Créée par un visiteur de prison, la ferme de Moyembrie en Picardie accueille une vingtaine de sortants de prison en « placement extérieur ». Une mesure d’aménagement de peine dont les mérites sont reconnus, permettant un accompagnement soutenu. A Moyembrie, les anciens détenus réapprennent la liberté, la fierté d’accomplir un travail de ses mains, la vie en collectivité et l’entraide. Rattachée depuis quatre ans au mouvement Emmaüs, cette structure d’insertion traverse aujourd’hui de graves difficultés économiques.

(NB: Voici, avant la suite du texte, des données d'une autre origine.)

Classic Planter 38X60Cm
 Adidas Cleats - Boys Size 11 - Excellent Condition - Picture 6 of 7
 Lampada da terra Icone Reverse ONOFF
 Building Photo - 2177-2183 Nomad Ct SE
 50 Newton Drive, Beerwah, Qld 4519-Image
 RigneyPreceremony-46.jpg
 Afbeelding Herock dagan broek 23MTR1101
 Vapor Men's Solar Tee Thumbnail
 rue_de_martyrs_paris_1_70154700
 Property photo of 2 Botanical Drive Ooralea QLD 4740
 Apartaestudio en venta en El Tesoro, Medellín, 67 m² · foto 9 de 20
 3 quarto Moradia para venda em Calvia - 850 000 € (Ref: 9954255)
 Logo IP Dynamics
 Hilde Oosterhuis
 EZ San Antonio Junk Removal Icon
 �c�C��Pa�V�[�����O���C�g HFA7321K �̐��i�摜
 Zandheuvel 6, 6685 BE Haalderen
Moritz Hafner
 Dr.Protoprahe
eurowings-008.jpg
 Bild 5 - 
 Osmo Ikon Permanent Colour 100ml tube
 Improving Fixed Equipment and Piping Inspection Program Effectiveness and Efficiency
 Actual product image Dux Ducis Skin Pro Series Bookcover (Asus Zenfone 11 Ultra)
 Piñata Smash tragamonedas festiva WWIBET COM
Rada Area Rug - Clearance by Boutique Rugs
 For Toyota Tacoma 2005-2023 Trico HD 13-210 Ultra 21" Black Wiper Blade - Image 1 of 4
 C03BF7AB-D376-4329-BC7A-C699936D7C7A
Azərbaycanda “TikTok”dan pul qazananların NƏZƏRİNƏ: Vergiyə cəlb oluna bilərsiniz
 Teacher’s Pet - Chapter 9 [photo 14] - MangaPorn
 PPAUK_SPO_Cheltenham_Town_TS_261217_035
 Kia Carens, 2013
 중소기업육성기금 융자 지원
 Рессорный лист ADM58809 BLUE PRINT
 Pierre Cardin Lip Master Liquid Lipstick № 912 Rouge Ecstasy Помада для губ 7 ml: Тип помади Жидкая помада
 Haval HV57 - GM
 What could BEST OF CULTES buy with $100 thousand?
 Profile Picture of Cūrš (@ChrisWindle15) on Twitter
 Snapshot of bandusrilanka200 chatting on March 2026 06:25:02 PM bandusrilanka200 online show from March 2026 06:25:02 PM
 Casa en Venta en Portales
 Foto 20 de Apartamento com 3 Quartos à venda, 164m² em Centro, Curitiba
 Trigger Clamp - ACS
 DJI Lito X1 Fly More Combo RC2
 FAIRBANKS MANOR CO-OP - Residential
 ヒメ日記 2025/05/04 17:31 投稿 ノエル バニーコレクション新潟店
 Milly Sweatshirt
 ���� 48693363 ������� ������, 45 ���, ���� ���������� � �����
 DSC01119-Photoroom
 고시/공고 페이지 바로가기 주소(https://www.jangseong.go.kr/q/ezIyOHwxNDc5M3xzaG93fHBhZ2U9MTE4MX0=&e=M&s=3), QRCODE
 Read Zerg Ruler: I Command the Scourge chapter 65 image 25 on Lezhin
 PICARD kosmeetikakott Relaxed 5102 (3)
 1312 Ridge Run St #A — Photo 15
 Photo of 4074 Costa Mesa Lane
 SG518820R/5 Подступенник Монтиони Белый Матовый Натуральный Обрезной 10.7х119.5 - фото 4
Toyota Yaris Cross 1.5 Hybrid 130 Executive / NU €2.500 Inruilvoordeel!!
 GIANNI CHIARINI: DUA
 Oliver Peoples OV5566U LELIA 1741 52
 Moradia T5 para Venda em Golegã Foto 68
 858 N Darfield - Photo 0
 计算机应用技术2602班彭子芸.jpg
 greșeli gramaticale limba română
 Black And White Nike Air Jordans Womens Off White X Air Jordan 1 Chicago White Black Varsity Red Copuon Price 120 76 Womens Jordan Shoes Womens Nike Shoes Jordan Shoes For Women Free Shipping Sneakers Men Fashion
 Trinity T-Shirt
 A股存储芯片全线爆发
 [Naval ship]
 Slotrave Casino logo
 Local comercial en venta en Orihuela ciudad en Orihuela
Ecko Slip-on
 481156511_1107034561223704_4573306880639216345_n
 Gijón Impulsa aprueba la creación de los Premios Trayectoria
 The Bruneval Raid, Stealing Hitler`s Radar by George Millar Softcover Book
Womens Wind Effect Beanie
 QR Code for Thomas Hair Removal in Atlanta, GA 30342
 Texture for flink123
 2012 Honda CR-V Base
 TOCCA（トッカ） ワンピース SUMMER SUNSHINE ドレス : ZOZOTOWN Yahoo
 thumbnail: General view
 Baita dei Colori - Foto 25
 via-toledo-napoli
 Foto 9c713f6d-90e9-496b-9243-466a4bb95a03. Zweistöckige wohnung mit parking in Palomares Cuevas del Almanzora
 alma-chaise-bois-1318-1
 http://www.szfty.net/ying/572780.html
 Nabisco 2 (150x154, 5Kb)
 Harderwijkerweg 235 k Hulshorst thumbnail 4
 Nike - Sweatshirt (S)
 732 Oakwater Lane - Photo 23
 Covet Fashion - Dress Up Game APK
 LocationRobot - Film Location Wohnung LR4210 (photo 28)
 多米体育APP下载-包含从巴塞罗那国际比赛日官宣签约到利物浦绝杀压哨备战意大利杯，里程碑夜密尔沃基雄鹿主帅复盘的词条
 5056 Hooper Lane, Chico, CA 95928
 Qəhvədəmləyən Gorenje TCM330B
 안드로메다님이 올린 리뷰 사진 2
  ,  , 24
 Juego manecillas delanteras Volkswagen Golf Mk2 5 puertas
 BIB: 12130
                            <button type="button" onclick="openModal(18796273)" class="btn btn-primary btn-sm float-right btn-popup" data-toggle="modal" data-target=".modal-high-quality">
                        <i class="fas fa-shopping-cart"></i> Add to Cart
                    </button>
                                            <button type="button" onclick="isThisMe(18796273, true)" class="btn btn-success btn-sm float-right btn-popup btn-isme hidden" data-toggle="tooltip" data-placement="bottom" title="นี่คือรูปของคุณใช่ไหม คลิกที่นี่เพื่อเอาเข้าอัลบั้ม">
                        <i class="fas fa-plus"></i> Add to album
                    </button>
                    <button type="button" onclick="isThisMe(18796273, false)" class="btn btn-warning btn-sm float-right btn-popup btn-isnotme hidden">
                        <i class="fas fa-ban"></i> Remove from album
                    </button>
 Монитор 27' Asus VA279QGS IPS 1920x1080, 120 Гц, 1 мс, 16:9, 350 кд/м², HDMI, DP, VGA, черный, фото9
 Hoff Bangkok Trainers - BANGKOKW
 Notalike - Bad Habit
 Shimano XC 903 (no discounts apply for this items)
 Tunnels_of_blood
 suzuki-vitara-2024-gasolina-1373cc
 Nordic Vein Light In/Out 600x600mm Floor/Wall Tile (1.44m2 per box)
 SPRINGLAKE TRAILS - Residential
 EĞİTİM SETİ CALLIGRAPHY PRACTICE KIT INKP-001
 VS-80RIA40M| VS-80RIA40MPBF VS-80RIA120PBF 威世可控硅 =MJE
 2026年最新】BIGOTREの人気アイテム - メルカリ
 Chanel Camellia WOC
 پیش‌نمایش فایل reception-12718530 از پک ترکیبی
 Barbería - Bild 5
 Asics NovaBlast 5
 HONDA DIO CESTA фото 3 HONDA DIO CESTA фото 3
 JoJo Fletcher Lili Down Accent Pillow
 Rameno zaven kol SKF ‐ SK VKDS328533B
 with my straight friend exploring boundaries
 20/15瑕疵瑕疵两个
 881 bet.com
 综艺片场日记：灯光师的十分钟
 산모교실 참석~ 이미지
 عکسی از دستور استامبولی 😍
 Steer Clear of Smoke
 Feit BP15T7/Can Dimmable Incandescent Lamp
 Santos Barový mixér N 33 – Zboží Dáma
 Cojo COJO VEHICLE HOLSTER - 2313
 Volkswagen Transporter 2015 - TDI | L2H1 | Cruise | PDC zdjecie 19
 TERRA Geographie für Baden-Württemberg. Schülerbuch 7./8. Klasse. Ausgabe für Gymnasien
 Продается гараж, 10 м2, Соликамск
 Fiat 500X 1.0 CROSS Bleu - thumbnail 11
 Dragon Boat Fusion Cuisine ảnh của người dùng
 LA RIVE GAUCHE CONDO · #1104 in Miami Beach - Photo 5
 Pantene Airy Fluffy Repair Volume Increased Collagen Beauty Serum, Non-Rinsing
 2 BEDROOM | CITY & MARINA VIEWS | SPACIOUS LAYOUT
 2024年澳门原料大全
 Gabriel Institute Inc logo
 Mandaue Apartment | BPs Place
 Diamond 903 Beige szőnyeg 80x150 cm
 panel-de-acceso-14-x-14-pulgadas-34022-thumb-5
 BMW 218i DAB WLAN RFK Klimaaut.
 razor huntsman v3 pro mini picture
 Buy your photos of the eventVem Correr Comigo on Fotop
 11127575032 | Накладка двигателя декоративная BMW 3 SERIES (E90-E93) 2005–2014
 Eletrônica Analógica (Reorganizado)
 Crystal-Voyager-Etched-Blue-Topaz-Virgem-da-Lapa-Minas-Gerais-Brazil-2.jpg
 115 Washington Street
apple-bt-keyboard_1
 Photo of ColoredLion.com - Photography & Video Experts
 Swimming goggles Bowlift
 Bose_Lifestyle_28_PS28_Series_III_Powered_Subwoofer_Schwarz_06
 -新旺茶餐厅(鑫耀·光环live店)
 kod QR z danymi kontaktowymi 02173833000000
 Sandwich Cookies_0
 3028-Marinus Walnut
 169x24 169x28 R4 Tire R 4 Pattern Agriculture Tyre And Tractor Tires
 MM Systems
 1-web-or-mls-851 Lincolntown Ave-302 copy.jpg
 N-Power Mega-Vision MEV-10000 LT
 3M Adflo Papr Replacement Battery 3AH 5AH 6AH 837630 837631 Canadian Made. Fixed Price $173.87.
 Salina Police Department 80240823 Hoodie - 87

Une lettre comme un appel. Un matin de 1983, Jacques Pluvinage reçoit le courrier d’un détenu qu’il suit comme visiteur de prison. Entre les lignes, transparaît l’angoisse de la sortie, l’inconnu de l’après, l’isolement de celui qui est devenu son ami. L’ingénieur agronome à la retraite et sa femme Geneviève décident de changer radicalement de vie : ils vendent tout ce qu’ils possèdent, achètent une ferme à l’abandon à Coucy-le-Château-Auffrique (Picardie). Ils y accueilleront quelques semaines plus tard l’auteur du courrier, à sa sortie de prison. « De fil en aiguille, de bouches à oreilles, il y en a d’autres qui sont arrivés », raconte Jacques. Puis, c’est au tour d’un juge de l’application des peines de Meaux de leur demander d’accueillir un détenu à sa sortie de prison. Le soir même, il dort à Moyembrie.
Ré-apprendre la liberté
« Venir en aide à celui qui veux s’en sortir. » La devise du fondateur de la ferme reste d’actualité pour les huit salariés et les nombreux bénévoles qui font vivre cette structure désormais affiliée au mouvement Emmaüs. Pour être accueilli à Moyembrie, il faut être volontaire. Après une demande écrite, une première rencontre est organisée en détention. L’occasion pour un membre du bureau de l’association d’expliquer au postulant les règles de la ferme: interdiction de quitter les 20 hectares du domaine sans autorisation ou sans être accompagné d’un encadrant, respect des règles de vie en communauté… Mais aussi le fonctionnement de la structure : quatre heures de travail le matin, rémunérées 620 euros par mois, aux ateliers de maraîchage, d’élevage, à la fromagerie, en cuisine ou à l’entretien de la ferme. Les après-midi sont consacrés aux démarches d’insertion : réouverture des droits sociaux, recherche d’un emploi, d’un logement, achat d’une voiture… Si Moyembrie permet aux sortants de prison de reprendre pied, le projet de la ferme est surtout d’assurer un tremplin pour un retour dans le monde extérieur. Après la première rencontre en détention, les détenus viennent découvrir la ferme lors d’une permission de sortir. L’occasion pour eux de découvrir les lieux, d’appréhender ce que pourrait être cette nouvelle étape de leur vie. Au terme de cette rencontre, l’avis des encadrants et des autres résidents est aussi pris en compte dans la décision finale d’accueillir ou non le postulant. Le dernier mot revient au service de l’application des peines, qui accorde ou refuse la mesure de placement extérieur.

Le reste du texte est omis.